1. A Letter to a Best Friend

Dearest Best Friend,

I have just finished reading ‘Howards End’ by E.M. Forster. I have real fears that you have bits of Mr. Wilcox in you— bits of self-righteous condescension and flippant dismissal and misguided paternal feelings— and that these bits will only magnify themselves as you grow older. In this world, people consider only the outward displays of life— the flashes of anger, the harried sending of telegrams— as living. You have already fallen prey to this idea, this supposedly commendable habit of being preoccupied with doing things over actually thinking things. Doing things vigorously and impressively has trumped thinking things truthfully and sincerely.

You brush me off when it suits you, and you fawn over me when you feel like you wouldn’t mind the reciprocated affection. You somehow distort sticky situations so that I end up apologizing for your mistakes as if they’d been results of my own thoughtlessness. You are shameless— you lie, simper, grin, cajole, coax. You don’t realize the depth of my resentment, because you don’t find it worth your time to acknowledge it.

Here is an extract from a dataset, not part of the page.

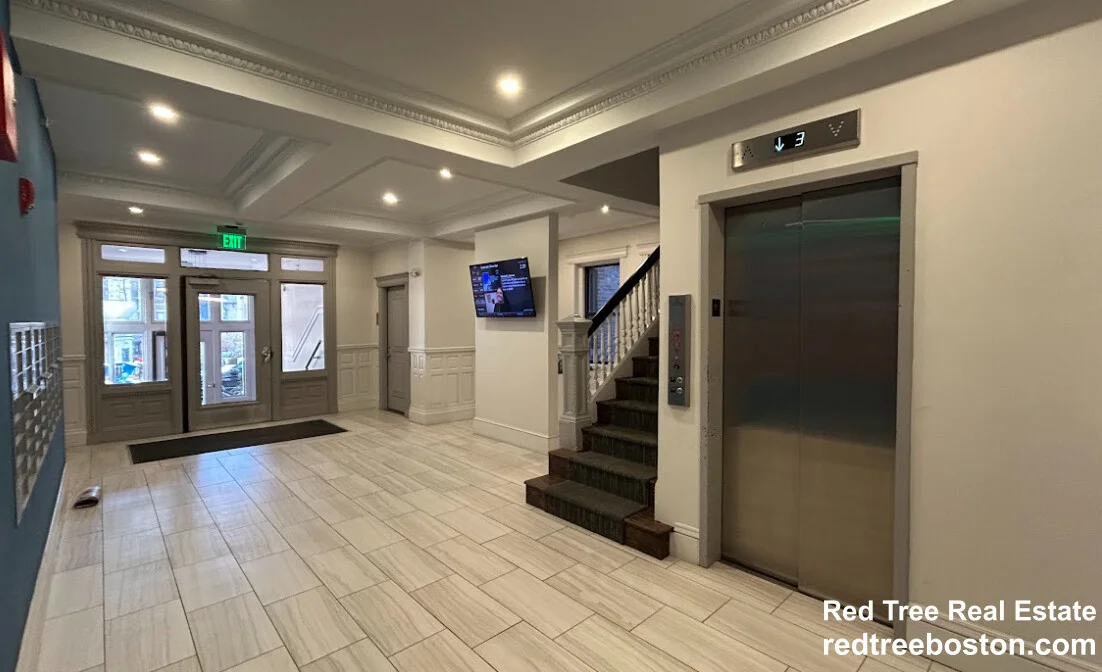 11 Queensberry St, Fenway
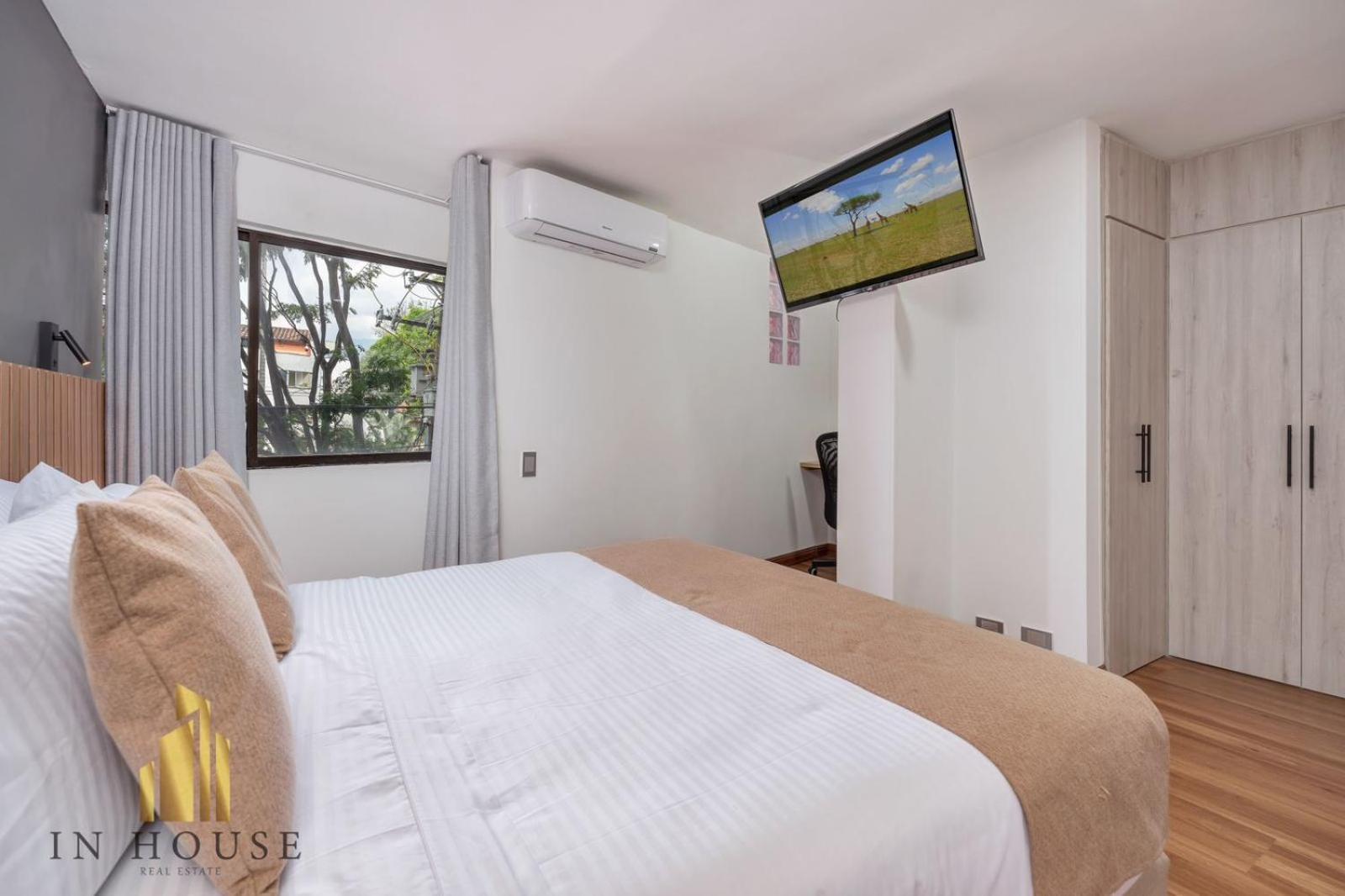 Apartamento De Lujo Laureles Con Aire Y Hamaca 200 *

I believe that you will change, little by little— if at least by osmosis. I want to change you, even though I know how inappropriate and futile such a desire is.

There are parts of you that almost make up for the rest. You are fiercely intelligent, even more fiercely clever. You pick up on the often overlooked details of life— the sidelong glance, the snide remark. You cannon-ball into everything— new experiences, overused apologies, inappropriate jokes.

But I don’t want to be a Margaret. I don’t want to lose myself to being your friend, all because you yourself can’t stand to give up any part of yourself. You forget that I too am fiercely intelligent, sometimes fiercely clever. I pick up on things you would never notice— that off-hand punchline, the Mean Girls allusion, the tongue-in-cheek compliment. I cannon-ball into everything— awkward conversations, telephone poles, the works.

You should see that I give up things, too.